Personal information
- Born: 1956 (age 69–70) Belgrade, Yugoslavia (now Serbia)
- Education: University of Belgrade
- Years active: 1970s–present
- Other interests: Architechure
- Website: zetafencing.com

Sport
- Sport: Fencing
- Now coaching: Nick Bravin; Eli Dershwitz;

= Zoran Tulum =

Yugoslavian-American fencer and coach

Zoran R. Tulum is a fencer and fencing coach.

He began fencing at age 9. At age 19, he won the junior national championships in Yugoslavia in épée, foil, and sabre. He received a degree in architecture from the University of Belgrade. He worked as a product designer on weekdays and coached fencing at night and on weekends.

He was assistant fencing coach at Harvard University from 1985 to 1987 and coach at Stanford University 1987–1998. He is now head fencing coach of his own studio, Zeta Fencing in Ashland, Massachusetts and a saber coach for the U.S. Olympic Team.

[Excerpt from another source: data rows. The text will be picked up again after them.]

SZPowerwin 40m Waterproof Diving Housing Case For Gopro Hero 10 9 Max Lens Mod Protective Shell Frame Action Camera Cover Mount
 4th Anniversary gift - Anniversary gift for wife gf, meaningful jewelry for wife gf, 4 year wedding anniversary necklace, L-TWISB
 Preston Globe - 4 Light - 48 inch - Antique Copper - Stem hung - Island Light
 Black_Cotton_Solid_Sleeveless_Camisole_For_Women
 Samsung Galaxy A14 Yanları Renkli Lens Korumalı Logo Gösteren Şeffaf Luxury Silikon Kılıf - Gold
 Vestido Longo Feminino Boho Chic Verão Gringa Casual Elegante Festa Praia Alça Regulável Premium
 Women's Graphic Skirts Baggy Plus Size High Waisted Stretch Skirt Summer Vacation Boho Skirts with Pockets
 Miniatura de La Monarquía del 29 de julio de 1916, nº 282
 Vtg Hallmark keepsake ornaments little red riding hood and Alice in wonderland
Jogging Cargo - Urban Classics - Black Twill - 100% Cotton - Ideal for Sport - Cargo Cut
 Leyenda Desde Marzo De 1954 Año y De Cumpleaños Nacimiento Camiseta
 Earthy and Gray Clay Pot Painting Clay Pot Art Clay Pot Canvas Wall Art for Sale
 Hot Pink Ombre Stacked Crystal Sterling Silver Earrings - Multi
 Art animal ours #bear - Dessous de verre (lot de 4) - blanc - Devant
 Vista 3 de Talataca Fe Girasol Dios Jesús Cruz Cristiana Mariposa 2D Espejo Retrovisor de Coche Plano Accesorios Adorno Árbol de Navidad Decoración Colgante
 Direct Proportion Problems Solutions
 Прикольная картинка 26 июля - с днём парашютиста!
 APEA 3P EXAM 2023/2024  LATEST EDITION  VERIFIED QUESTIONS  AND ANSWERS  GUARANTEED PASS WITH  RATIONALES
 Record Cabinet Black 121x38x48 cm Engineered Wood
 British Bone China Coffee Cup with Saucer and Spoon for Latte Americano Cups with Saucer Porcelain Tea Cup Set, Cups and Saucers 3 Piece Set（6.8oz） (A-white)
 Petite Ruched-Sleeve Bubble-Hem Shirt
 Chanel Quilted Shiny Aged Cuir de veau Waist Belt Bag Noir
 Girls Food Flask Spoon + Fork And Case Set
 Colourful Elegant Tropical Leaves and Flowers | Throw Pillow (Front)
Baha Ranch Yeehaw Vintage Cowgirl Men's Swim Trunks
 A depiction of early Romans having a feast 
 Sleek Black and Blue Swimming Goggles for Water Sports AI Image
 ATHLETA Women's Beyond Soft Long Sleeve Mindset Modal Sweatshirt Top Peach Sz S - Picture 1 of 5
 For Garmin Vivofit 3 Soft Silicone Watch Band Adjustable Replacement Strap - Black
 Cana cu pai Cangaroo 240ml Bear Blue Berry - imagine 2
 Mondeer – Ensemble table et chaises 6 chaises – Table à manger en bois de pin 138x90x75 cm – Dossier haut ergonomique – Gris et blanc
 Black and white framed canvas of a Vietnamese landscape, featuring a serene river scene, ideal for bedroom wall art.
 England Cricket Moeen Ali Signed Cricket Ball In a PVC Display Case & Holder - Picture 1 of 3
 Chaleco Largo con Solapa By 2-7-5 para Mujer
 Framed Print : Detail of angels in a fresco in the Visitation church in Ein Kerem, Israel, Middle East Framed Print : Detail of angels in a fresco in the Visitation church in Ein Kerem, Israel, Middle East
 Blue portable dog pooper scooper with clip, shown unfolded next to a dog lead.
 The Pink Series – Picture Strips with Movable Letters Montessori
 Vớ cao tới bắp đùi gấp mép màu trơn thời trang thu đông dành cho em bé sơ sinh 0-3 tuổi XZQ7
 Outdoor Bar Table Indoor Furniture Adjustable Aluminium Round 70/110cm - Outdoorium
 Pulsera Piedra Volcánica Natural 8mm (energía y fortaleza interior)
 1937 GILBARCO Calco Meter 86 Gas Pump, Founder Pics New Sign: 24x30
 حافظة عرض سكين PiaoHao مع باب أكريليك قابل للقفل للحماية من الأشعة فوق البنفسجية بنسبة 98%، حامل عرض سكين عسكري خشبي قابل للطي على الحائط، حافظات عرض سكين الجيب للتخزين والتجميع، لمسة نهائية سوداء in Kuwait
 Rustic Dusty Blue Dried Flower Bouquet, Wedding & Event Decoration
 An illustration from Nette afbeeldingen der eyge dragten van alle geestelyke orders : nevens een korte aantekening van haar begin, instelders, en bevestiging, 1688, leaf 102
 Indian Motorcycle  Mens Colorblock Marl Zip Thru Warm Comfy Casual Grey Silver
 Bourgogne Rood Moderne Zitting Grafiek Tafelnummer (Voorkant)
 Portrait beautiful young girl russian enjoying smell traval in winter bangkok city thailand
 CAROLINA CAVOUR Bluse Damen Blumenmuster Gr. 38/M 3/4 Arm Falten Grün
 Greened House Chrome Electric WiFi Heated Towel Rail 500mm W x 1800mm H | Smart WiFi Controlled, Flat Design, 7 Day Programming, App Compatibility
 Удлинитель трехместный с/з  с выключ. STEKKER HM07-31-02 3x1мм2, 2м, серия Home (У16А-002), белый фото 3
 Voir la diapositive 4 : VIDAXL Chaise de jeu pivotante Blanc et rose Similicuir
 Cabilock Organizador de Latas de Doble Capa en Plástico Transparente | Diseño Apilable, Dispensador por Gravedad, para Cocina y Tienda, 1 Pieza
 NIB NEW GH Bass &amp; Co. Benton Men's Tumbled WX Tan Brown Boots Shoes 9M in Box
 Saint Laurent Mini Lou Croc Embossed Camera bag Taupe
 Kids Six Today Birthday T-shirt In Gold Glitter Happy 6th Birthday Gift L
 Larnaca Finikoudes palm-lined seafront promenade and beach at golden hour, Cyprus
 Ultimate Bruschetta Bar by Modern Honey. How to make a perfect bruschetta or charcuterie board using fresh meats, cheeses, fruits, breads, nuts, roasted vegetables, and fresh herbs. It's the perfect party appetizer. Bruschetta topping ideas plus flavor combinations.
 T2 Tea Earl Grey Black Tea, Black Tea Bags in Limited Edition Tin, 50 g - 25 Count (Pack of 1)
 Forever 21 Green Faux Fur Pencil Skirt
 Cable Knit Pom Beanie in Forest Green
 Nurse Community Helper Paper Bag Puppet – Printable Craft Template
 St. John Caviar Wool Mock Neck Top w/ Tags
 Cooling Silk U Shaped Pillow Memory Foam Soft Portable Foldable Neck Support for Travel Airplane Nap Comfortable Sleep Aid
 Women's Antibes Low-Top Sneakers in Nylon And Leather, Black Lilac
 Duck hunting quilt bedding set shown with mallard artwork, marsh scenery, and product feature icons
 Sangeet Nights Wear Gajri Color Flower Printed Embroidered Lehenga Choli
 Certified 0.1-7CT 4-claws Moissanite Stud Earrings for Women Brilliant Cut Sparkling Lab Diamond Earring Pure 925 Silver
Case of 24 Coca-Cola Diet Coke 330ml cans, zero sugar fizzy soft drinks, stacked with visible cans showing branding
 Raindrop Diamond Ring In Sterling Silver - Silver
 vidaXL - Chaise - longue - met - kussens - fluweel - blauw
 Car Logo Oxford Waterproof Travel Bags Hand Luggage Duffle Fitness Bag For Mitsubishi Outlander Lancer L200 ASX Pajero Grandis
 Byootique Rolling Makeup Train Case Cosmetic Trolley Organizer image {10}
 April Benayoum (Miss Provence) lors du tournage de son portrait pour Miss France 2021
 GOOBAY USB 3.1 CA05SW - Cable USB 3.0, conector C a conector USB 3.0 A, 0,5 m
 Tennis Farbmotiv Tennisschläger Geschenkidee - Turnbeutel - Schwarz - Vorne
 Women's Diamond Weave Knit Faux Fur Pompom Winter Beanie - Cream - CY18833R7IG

He coached Nick Bravin who competed in the 1992 and 1996 Olympics. In 2013, three of his students were selected for the 18-member US National Junior Fencing Team. One of them, Eli Dershwitz, became the youngest-ever national champion in sabre, and went on to win gold medals in the Junior World Championship (2015) and twice in the Pan American Championships (2014 and 2015). In 2014, USA Fencing appointed him head coach of the U.S. Men's Saber Team. Zeta Fencing, was ranked number one of the USFA Clubs at Cadet & Junior World Championships, Tashkent, Uzbekistan, in 2015 with members of the club contributing 192.25 points to the US score.